── DATASET SECTION ──

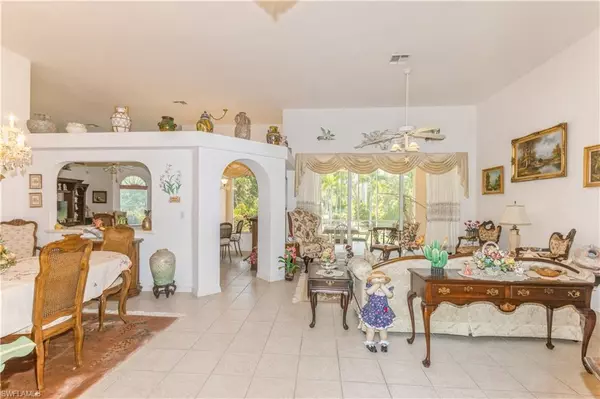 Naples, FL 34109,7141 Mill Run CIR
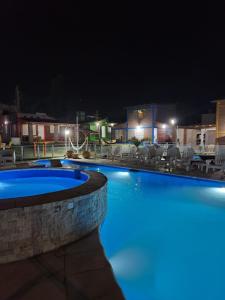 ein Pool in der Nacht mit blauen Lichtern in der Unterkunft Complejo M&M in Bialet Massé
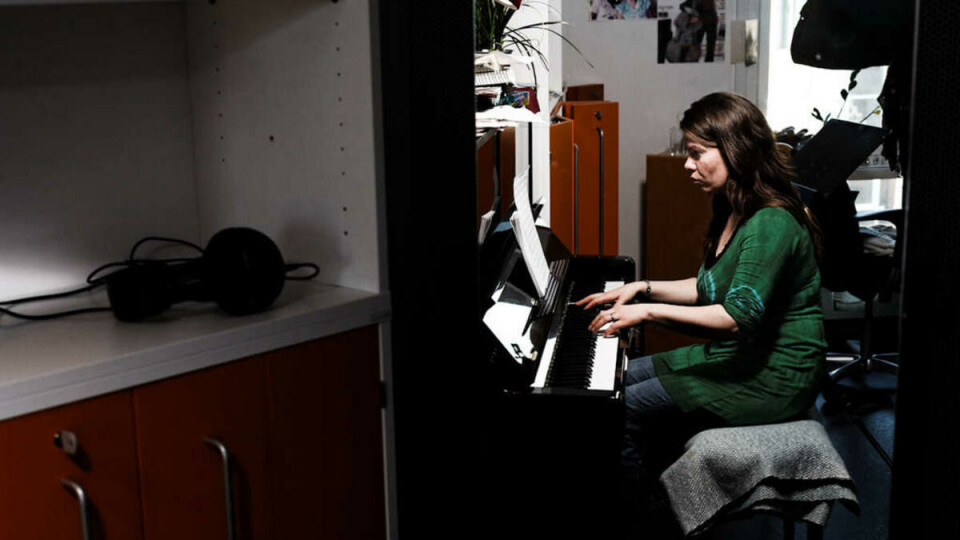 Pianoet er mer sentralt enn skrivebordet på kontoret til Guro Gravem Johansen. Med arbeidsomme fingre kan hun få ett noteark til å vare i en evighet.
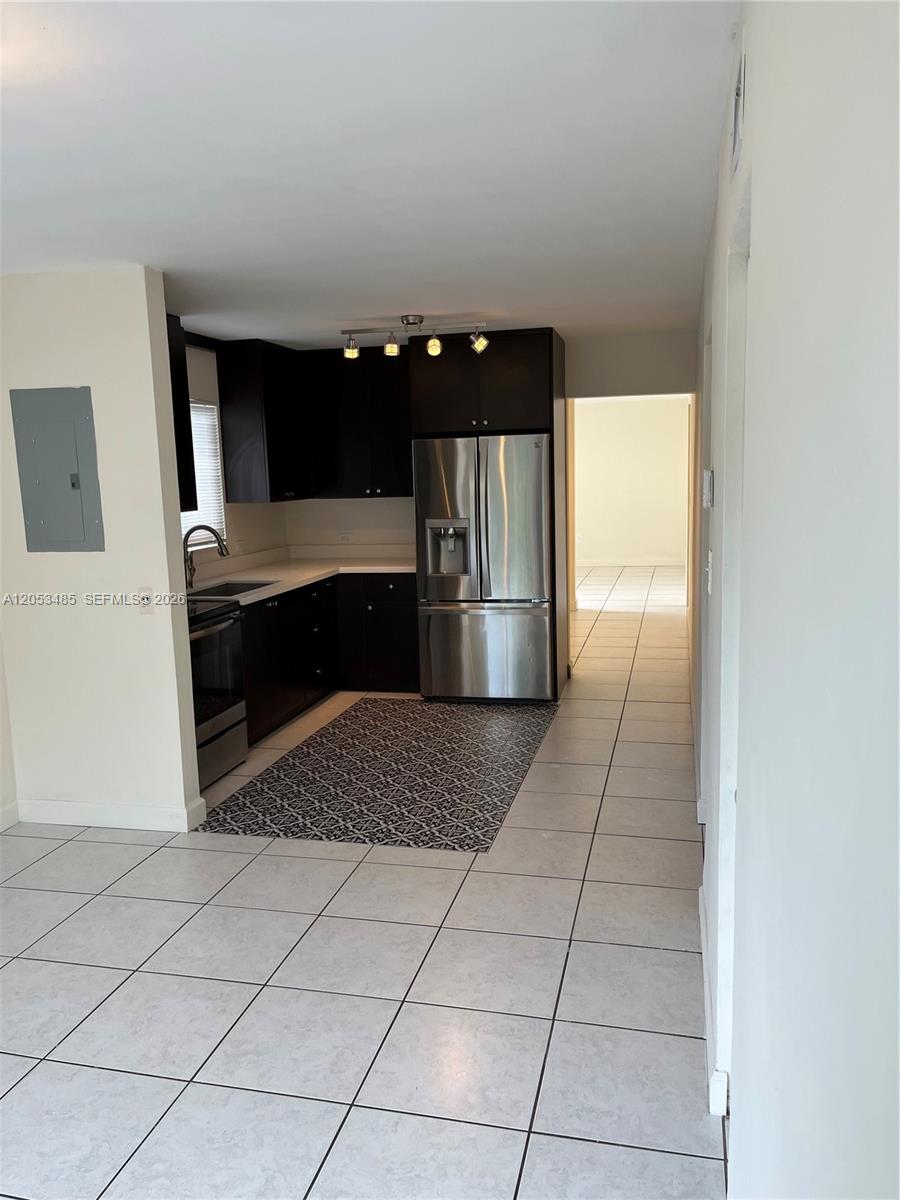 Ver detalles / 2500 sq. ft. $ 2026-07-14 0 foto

───

:: EXERCISE ::
Your answer should consist solely of the lines from the one holding "Pianoet er mer" through the end of the listing, reproduced exactly and without pictures.

:: RESPONSE TO THE EXERCISE ::
 Pianoet er mer sentralt enn skrivebordet på kontoret til Guro Gravem Johansen. Med arbeidsomme fingre kan hun få ett noteark til å vare i en evighet.
 Ver detalles / 2500 sq. ft. $ 2026-07-14 0 foto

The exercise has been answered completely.